I respectfully dissent. The trial court erred when it considered only the actual use of the snowmobiles at issue when determining whether MCL 691.1405, the motor-vehicle exception to the governmental tort liability act (the GTLA), MCL 691.1401 et seq., bars plaintiffs' lawsuit. I would reverse and remand for the trial court to consider the additional relevant factors that were omitted from its analysis.
The GTLA does not define "motor vehicle," but our Supreme Court has interpreted the common, ordinary meaning to be "an automobile, truck, bus, or similar motor-driven conveyance." Stanton v Battle Creek, 466 Mich 611, 617-618; 647 NW2d 508 (2002) (holding that a forklift is not a motor vehicle because it is a piece of industrial construction equipment) (quotation marks and citation omitted). Subsequently, this Court has struggled to make heads or tails of what the term "similar motor-driven conveyance" includes and has focused generally on some combination of the following three factors: physical attributes, intended use or purpose, and actual use of the conveyance at the time of injury.
The Supreme Court has not elaborated on the definition but has found in one case that the exception did not apply when a plaintiff was injured by a bus parked in a maintenance facility because the vehicle was not being "operated" when the injury occurred. Chandler v Muskegon Co, 467 Mich 315, 322; 652 NW2d 224 (2002). See also Overall v Howard, 480 Mich 896 (2007) (an order reversing for the reasons stated in the dissent) (Overall II); Overall v Howard, unpublished per curiam opinion of the Court of Appeals, issued April 26, 2007 (Docket No. 274588) (Overall I) (JANSEN, J., concurring in part and dissenting in part) (concluding that a golf cart driven near a concession stand at a high school football game was not a motor vehicle because, in terms of its design and physical attributes, it more closely resembled a forklift than the conveyances in other cases).
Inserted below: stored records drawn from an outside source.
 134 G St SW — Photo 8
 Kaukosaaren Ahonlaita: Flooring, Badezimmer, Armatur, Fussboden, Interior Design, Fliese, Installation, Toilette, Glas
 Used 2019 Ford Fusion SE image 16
Wesche v Mecosta Co Rd Comm, 267 Mich App 274, 278; 705 NW2d 136 (2005), aff'd 480 Mich 75 (2008) (holding that a Gradall, a wheeled, hydraulic excavator, generally resembles a truck, moves like a truck, and qualifies as a motor vehicle and additionally noting that the Gradall was being driven like a truck on a public roadway when the injury occurred); Overall I (JANSEN, J., concurring in part and dissenting in part), unpub op at 1 (focusing on whether a golf cart was designed for operation on or alongside a roadway).
Regan v Washtenaw Co Bd of Co Rd Comm'rs (On Remand), 257 Mich App 39, 47-51; 667 NW2d 57 (2003) (holding that a broom tractor and a tractor mower were motor vehicles because both are "invariably connected to the roadways").
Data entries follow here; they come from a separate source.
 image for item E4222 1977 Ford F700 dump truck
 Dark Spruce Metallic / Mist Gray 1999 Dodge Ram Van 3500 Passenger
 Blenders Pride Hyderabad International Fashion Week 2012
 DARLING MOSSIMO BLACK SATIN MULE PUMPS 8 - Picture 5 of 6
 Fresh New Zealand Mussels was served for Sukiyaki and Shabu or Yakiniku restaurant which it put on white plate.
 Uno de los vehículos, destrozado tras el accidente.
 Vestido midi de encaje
See Wesche, 267 Mich App at 278 (noting that the Gradall was being driven like a truck on a public roadway when the injury occurred); Yoches v Dearborn, 320 Mich App 461, 474-475; 904 NW2d 887 (2017) (holding that a tractor pulling a hay wagon used for hayrides was a motor vehicle because it was carrying passengers on a roadway when the injury occurred).
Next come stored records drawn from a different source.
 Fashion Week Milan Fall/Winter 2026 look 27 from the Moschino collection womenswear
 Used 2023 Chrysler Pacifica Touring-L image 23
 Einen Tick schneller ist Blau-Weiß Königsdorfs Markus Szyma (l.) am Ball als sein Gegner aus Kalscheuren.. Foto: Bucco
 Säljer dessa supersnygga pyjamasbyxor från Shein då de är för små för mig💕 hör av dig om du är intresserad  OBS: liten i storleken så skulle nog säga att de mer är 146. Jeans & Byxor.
In this case, the trial court considered only the actual use of the snowmobiles at the time of injury. Although the "primary function" of a vehicle is not the controlling factor, the intended use or purpose and physical characteristics are relevant factors that the trial court failed to consider in this case.
Wesche, 267 Mich App at 277-278; Regan, 257 Mich App at 47-48.
See Overall I (JANSEN, J., concurring in part and dissenting in part), unpub op at 1 (considering a golf cart's physical attributes and intended use).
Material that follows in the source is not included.